At seventeen, in 1932, among twenty-two girls, she came to Amur to build a new city. Among the three thousand people of builders then there were only 30 girls. She worked as a cook.
We dreamed about how our city will be. They dreamed in huts, dugouts, around bonfires, over which clothes were dried. And here he is, our Komsomolsk! .. He is more beautiful than he was in his dreams ...
- Evdokia Petrovna Selyutina, 1962
Here she met and married Ivan Sidorenko - on his initiative, the city was called Komsomolsk-on-Amur.
When her husband went missing in the war in 1942 near Stalingrad, she was left alone with four children aged one to eight years.
All my life I worked as a machine operator at the Amurstalstroy trust woodworking plant.
In 1958, she was awarded the Order of Lenin for many years of work.

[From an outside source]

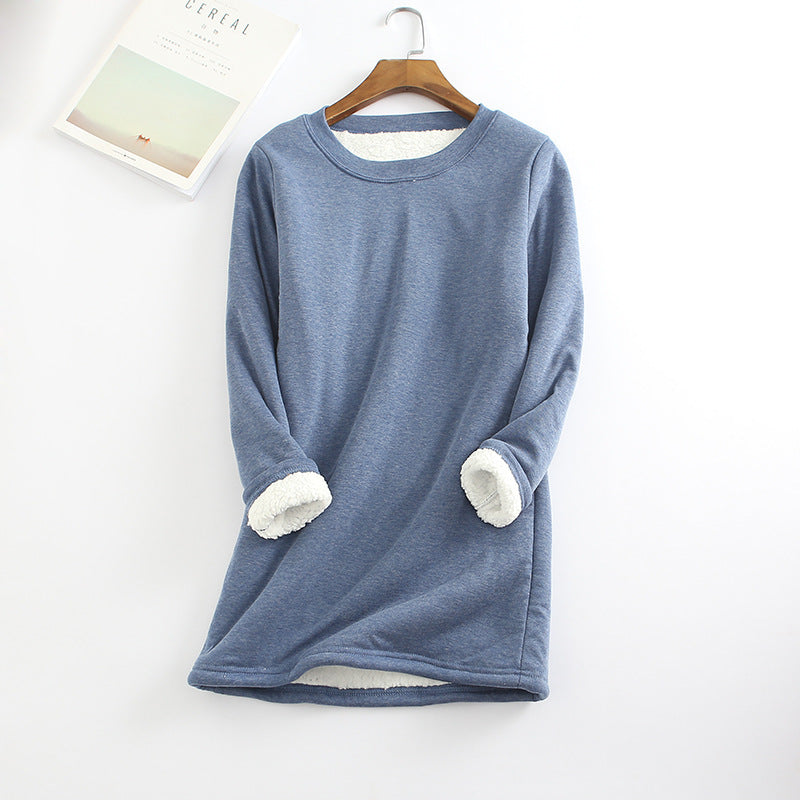 Fleece Bottoming Shirt Mid-length Thickened Large Size Lamb Fleece Sweater Slim Warm Top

In 1967, she was awarded the title of Honorary Citizen of Komsomolsk-on-Amur - in the year of the establishment of this title, among the first three citizens awarded this title, together with cosmonaut Yuri Gagarin and doctor Vladimir Pendrie .
Sources
- N. I. Dubinina - Far Easterners in struggle and labor: Historical outline. 1917-1941. - Khabarovsk: Book publishing house, 1982—176 p.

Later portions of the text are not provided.